Tenant Retention: The Promised Land

by Michael J. Lipsey, CCIM, CRB, CPM, MCR, MCRE

I have been to the Promised Land. I have seen the very pinnacle of service success -- the future of customer service.

So can you … All it takes is a quick trip to Jackson, Mississippi where you will find One Jackson Place, the home of Parkway Properties, Inc.

Parkway Properties, Inc. is a self-administered real estate investment trust specializing in operations, acquisition, ownership, management, and leasing of office properties. The Company is geographically focused on the Southeastern and Southwestern United States and Chicago and offers fee based real estate services through its wholly owned subsidiary, Parkway Realty Services.

At the helm of this visionary company is President and CEO Steven G. Rogers. This former Army Infantry Captain and Harvard MBA believes that Parkway must "engage in a constant search for new ways to bring about customer satisfaction and maintain the ability to keep up with the ever changing marketplace."

Personally, I contend that no one else in the field of commercial real estate is handling customer service better, or more efficiently, than Parkway Properties.

Based upon my intimate knowledge of this forward-thinking company, I can tell you that no one at Parkway is better educated than you or I, smarter than you or I, works harder than you or I, or is even any better looking than you or I.

What separates Parkway Properties from the rest of the pack and makes One Jackson Place "the promised land" is that they care … just a little more. They're not as afraid to take risks … just a little more. They do … just a little more. They think outside the box … just a little more.

And that's the beauty of reaching the pinnacle of service excellence: All it takes is just a little more!

John Lawrence, President of Downtown Jackson Partners, agrees. Lawrence contends that one of Parkway Properties' major strengths is its "attention to small details."

"They pay a lot of attention to their tenants, who they call customers.  And when you're in the tenant retention business like we are in Downtown Jackson Partners, you couldn't have a better advocate," Lawrence explains.
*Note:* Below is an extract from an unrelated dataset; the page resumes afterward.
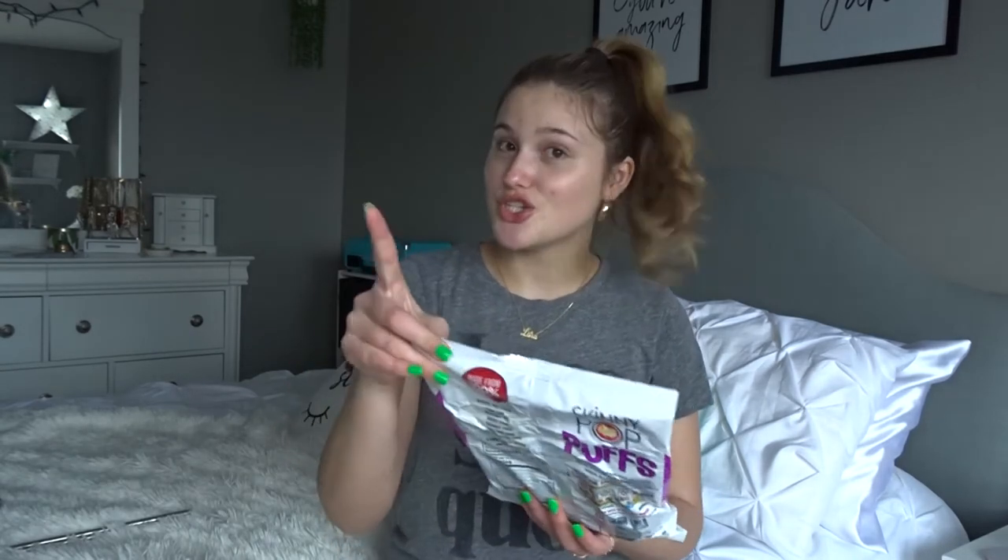These will change your life, I am not kidding. I came home one night and my mom bought these and they were sitting in my pantry. She said try them, they're so good. So I did and I'm pretty sure I almost ate — I think I did eat the whole pack. They always fill it like not even halfway, it's ridiculous. But it's this new Skinny Pop Puffs, cinnamon and sugar. These reminded me exactly of the Taco Bell cinnamon puffs.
Need an example of the "doing just a little more translates into a whole lot" philosophy? Look no further than the charitable donations that don't get reported in the annual shareholders meeting or brochures in the lobby. The following is a partial list of what Parkway employees, quietly and without complaint, collected and donated in just one year:

  • 1,002 books, magazines & videos for disadvantaged
  • 5,000 pop-tops for Ronald McDonald House
  • 150 phone books to schools
  • 307 pairs of eyeglasses & 2 hearing aids for the Lyons Club
  • 1,187 toys for underprivileged children
  • 357 coats plus 783 pounds, 7 boxes and 18 bags of clothes
  • 75 cell phones to abuse shelters
  • $425; 5,479 pounds; 235 items; 4 barrels; 741 cans and 153 bags of food to local area food banks
  • Calling cards for our soldiers in Iraq
  • $22,454 for United Way
  • $22,454 for United Way
  • ... and much more

Over the top goodwill notwithstanding, nowhere is this commitment to that "little, extra touch" more evident than in Parkway's operating philosophy, which is based on the premise that "we are in the customer retention business and further based on superior service to our customers, commitment to our employees, openness in our communication and … simplicity. We will strive to maximize shareholder returns by setting and implementing goals to increase profitability, FFO, dividends and stock value while minimizing risk …"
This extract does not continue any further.